Every paragraph you write, every sentence you construct, in a way, is your creation — by design, by meditation, by argument, by wondering, by analysis.
It is your artwork to convey whatever you want to say.
Every paragraph is part of the story you are telling.
Every sentence is a piece of one puzzle.
If you concentrate on the sentences and paragraphs, make them so beautiful that your own soul gets immersed in their beauty, then no outer reward is going to matter.
Good writing holds its reader’s hand and leads her through the unfurling of itself, pointing back to the last step and forward to the next, showing her the map, reminding her of the destination. Good writing is a coherent journey back to the place where it began. It’s a circle. It’s a wall whose logic is implicit in every stone. In good writing, a reader finds it hard to get lost.
– Mark Tredinnick in The Little Red Writing Book
Are your paragraphs doing that?
Holding your reader’s hand and leading them back and through, out of the maze, in an effortless manner.
They don’t have to lead them straight out. There has to be some drama, some mystery, and a bit of uncertainty. In the hands of a good writer, readers enjoy all that.
Because in the hands of a good writer, they feel safe. They know when it is all over, they will be happy that they took the journey.

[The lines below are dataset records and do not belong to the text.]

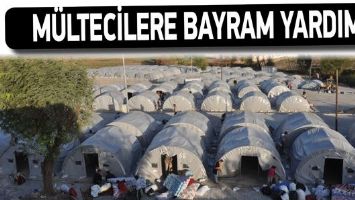 M&Uuml;LTECİLERE BAYRAM YARDIMI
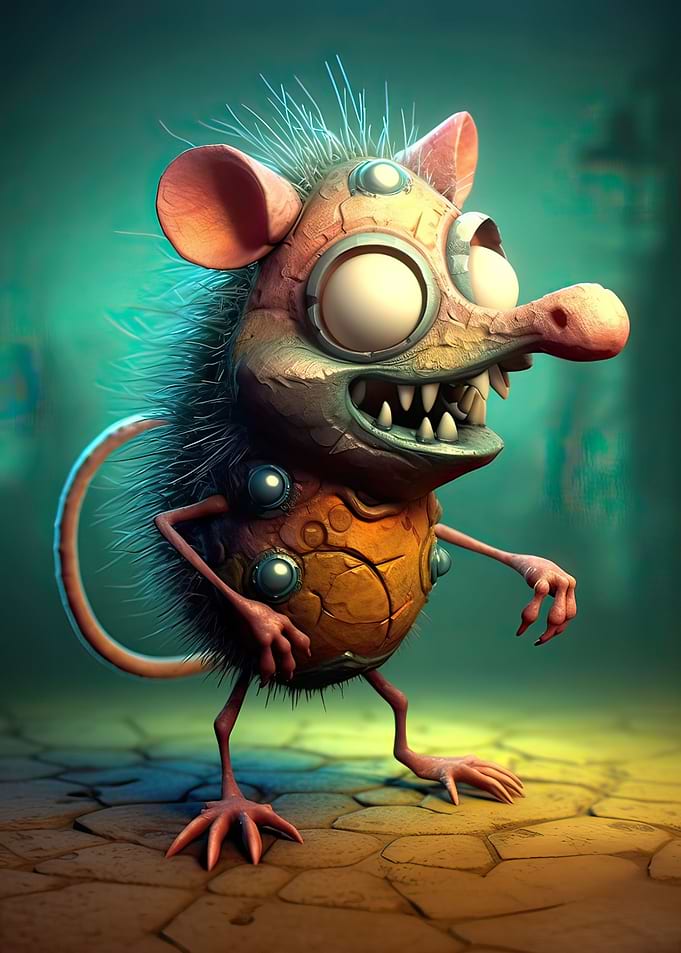 Monster mouse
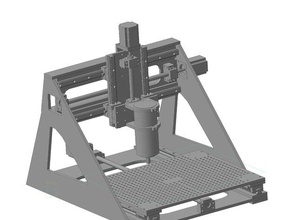 freze makinesi parçaları titans diy cnc makine mill 3d print model - Mito3D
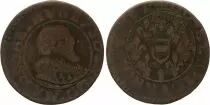 France Double tournois - Maximilien de B&eacute;thune - Duc de Berry - 1636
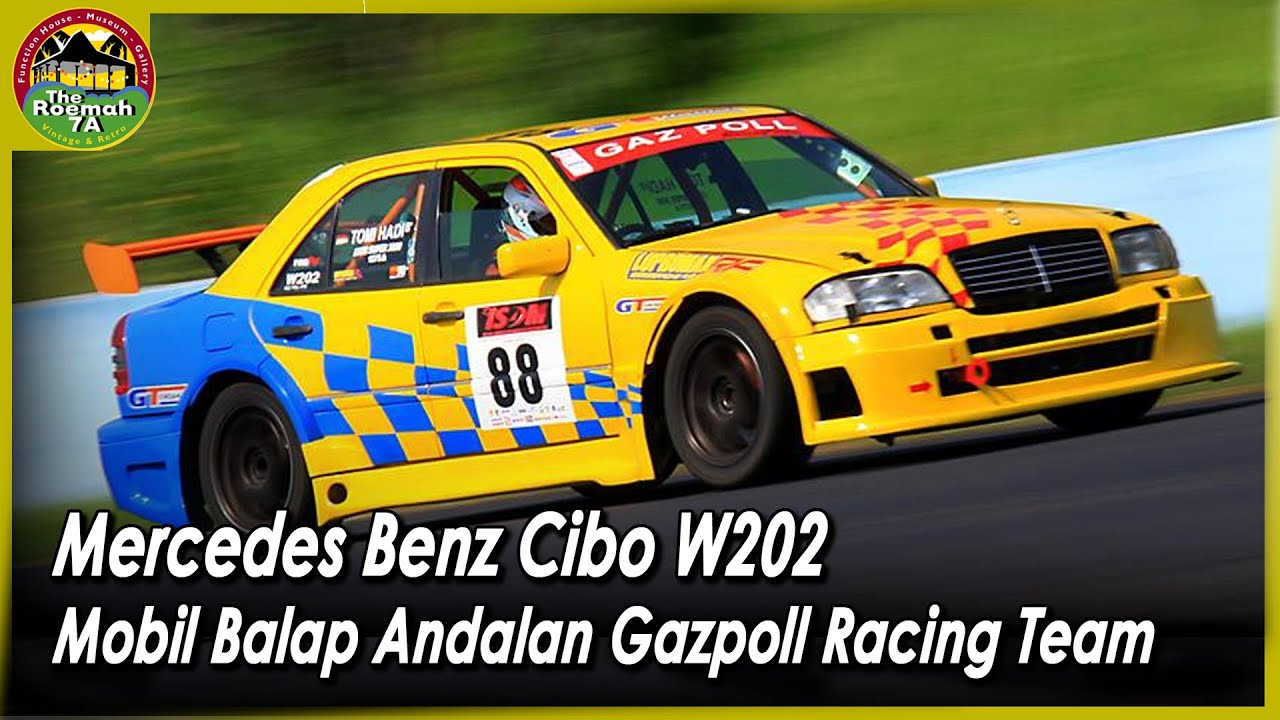 Mercedes Benz C-Class W202, Mobil Balap Andalan GAZPOLL Racing Team
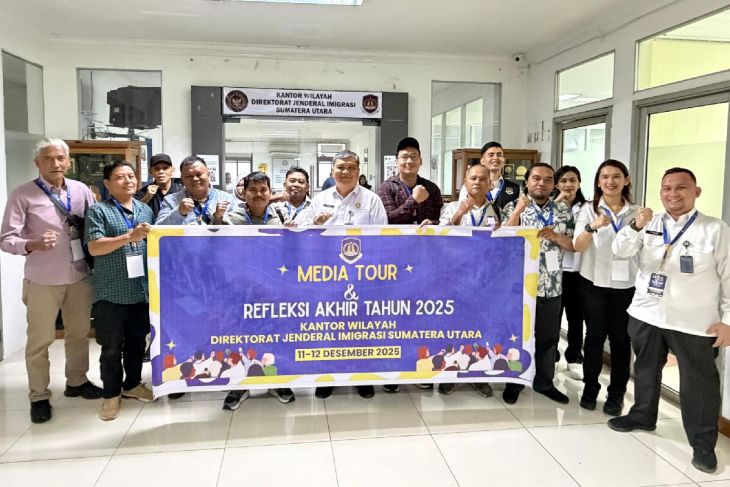 Ditjenim Sumut ajak jurnalis perkuat keterbukaan informasi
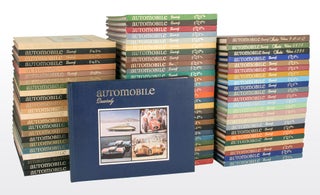 Item #71466 Automobile Quarterly. The Connoisseur's Periodical of Motoring Today, Yesterday and...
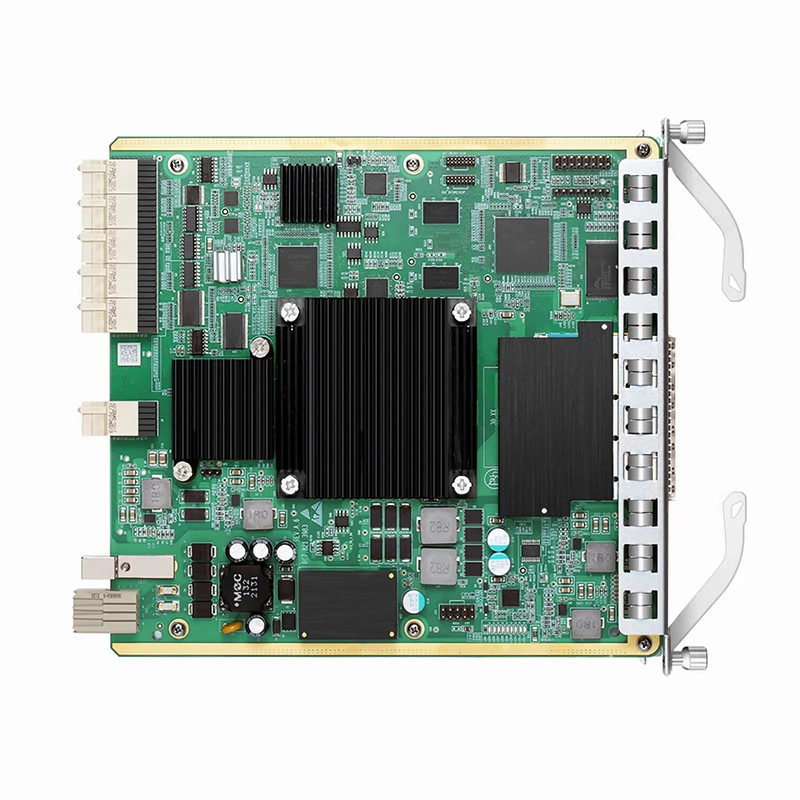 SFPS MS8100 TN4, 4 x SFP+, 4-way OTU2 Hybrid Line Board, Combines with SGH8/NXU/SH4 for Transponder/Muxponder Functionality SFPS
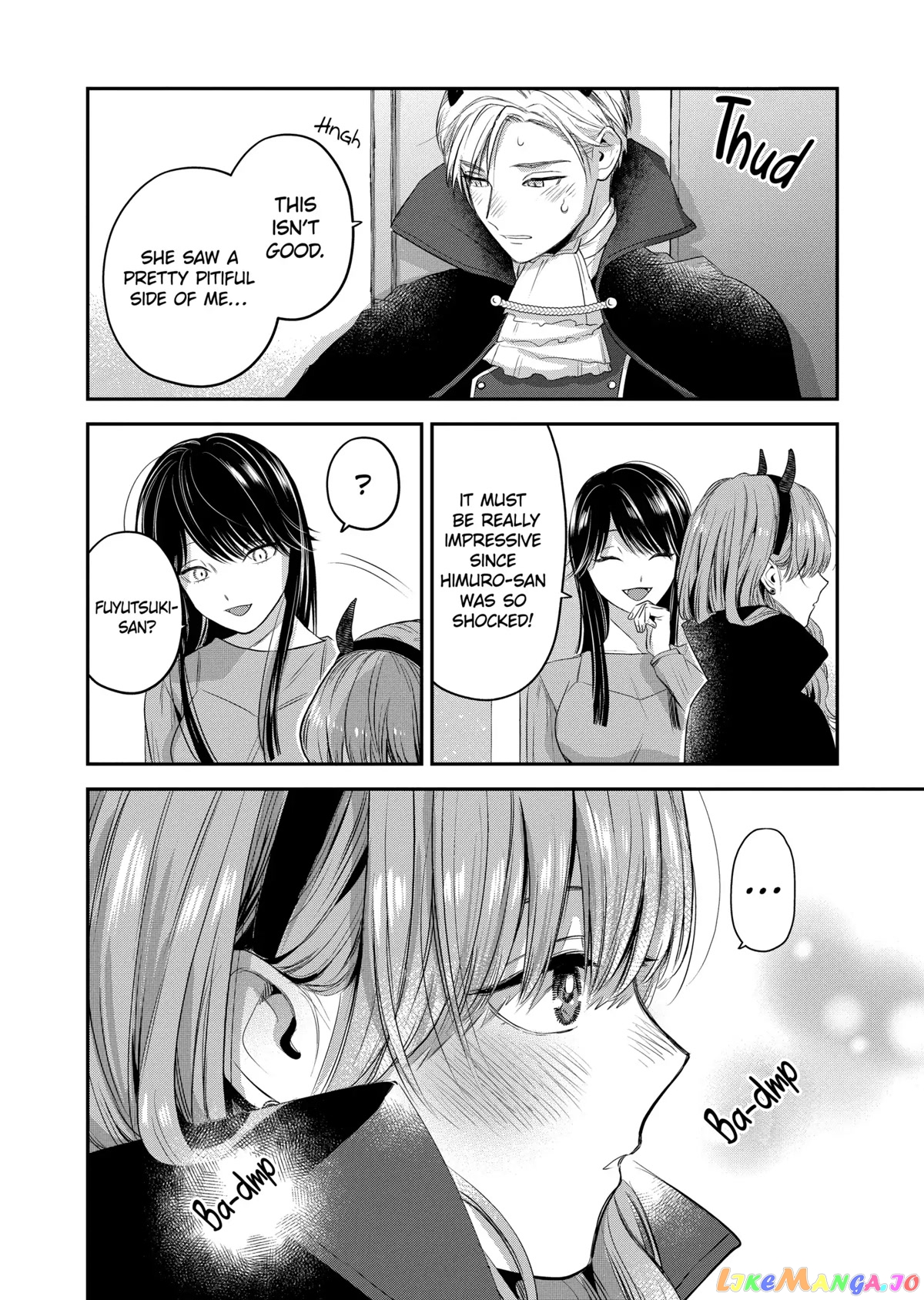 Ice Guy and the Cool Female Colleague chapter 32 - page 18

“Make your prose as you might make a drystone wall. You are not bonding the pieces; they just have to fit. How will you chisel each stone, how will you turn it and set it down so that it sits comfortably with its neighbors and carries the wall forward? “ — Mark Tredinnick
Whenever I feel too distressed with my own writing, I pull out Mark Tredinnick’s The Little Red Writing Book and start reading randomly. This is what he writes on the last page.
I wrote this book because I long, and I don’t think I am alone, to read more sentences so well made, so perfectly uttered, they make one weep — in their form and rhyme, in their topography and amplitude and the truthful spaces onto which the open. Let plots take care of themselves; it’s time more writers spent more care shaping astonishing sentences. Elegant, shapely, heartbreaking — in the way a mountain range ora horse, a woman’s form, a child’s voice, the posture of a tree, the taste of a wine can be.
Most of us worry too much about getting published than writing elegant, clear, and lovely prose that sings.
It is no small feat, hard to begin, and even harder to sustain. It is no good to be content with one or two good sentences.
“A work that aspires, however humbly, to the condition of art, should carry its justification in every line.” — Conrad
The struggle to improve our prose is the struggle to improve ourselves. Immerse yourself in that struggle and you will get your reward.